Beginning with the line that contains "Тройник соединительный 32х32х32", retype the entries below exactly, ending with the line that contains "NEEWER Action Camera". Leave out any pictures.

GIVEN RECORDS Start Marker

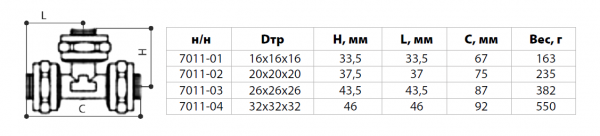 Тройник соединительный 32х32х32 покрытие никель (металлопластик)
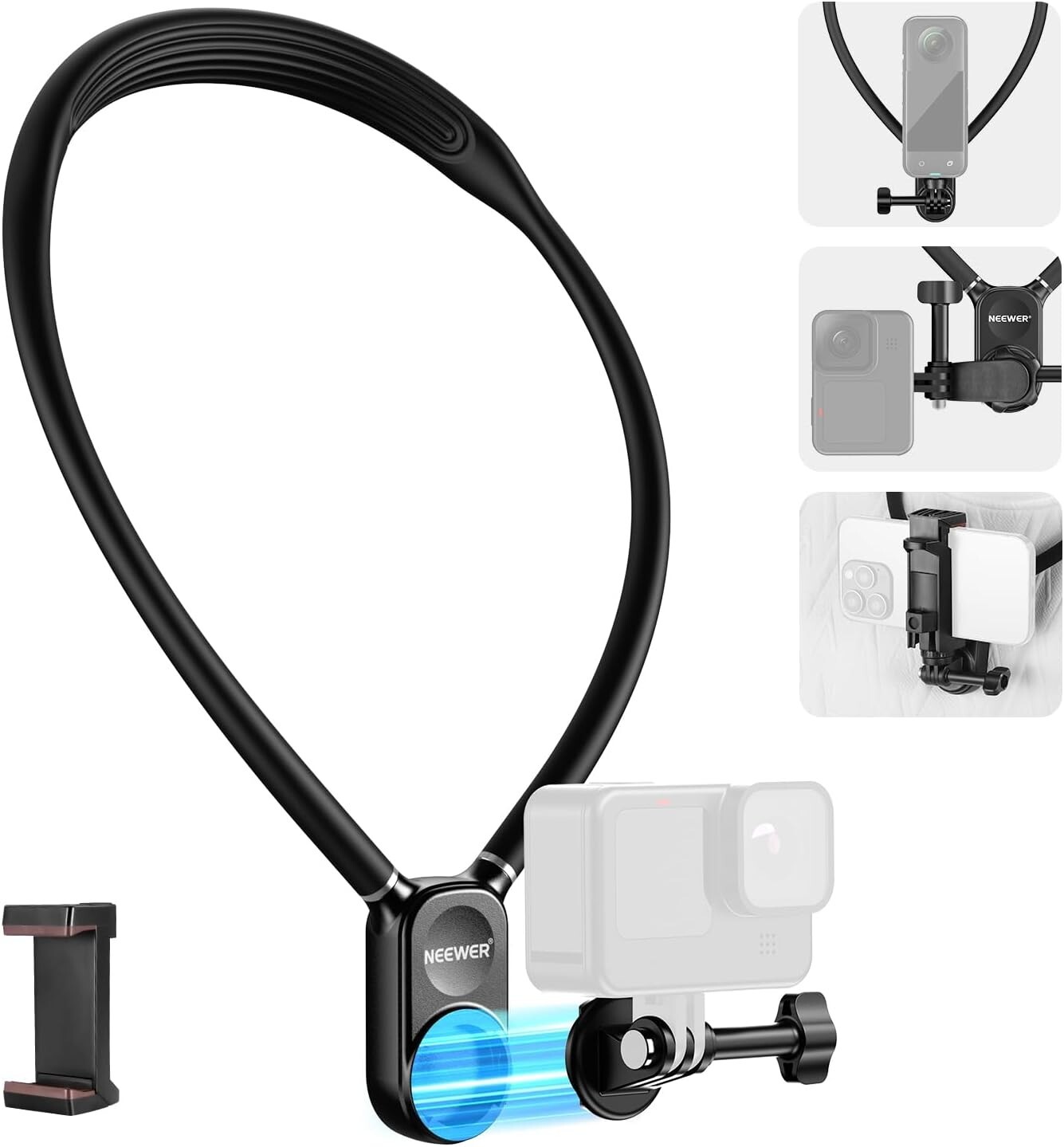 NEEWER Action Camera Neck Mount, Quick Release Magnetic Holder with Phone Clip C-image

GIVEN RECORDS End Marker
GIVEN RECORDS Start Marker

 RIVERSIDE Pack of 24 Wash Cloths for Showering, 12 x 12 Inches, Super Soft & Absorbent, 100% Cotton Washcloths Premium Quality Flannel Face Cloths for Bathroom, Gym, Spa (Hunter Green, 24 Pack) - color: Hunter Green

GIVEN RECORDS End Marker

__OUTPUT__
 Тройник соединительный 32х32х32 покрытие никель (металлопластик)
 NEEWER Action Camera Neck Mount, Quick Release Magnetic Holder with Phone Clip C-image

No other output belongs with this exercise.